At 3:52pm today, one of our Cisco ASR routers experienced a crash within its routing engine.
This caused the router to instantly stop routing and any destinations via the router experienced an outage.
Unfortunately, this did not just sever connectivity cleanly… it started causing “flapping” (where routes are introduced and removed over and over again causing instability). Once this flapping was identified, we severed all network connectivity to the affected router.
After a few minutes, BGP failover took over and traffic re-routed via alternative paths as it is designed to do. This is how a normal crash would be handled.

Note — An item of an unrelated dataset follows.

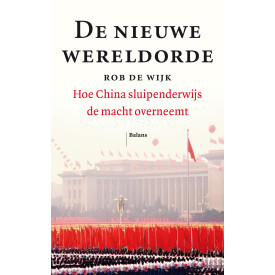 De nieuwe wereldorde: hoe China sluipenderwijs de macht overneemt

The router crashed in such a way that it had to be physically power cycled to regain control afterwards. We then brought its routing online in a slow and controlled fashion to prevent any further disruption to the network.
After some research, it appears that we hit CSCus82903 which is a known Cisco Bug in our edition of routing software.
This was triggered when attempting to bring online our new IP connectivity provider, GTT, this afternoon – a normally routine procedure with no impact to customer traffic.
Our routers are currently stable and operating normally, however we need to perform some emergency maintenance to upgrade the software of the routers to a patched version provided by Cisco.
This should be able to occur without causing any additional outages, although the network routing should be considered “at risk” during the actual software upgrade.
In the meantime, our GTT connection has been kept offline to prevent the issue reappearing. We will re-establish the connection once the software upgrades are complete.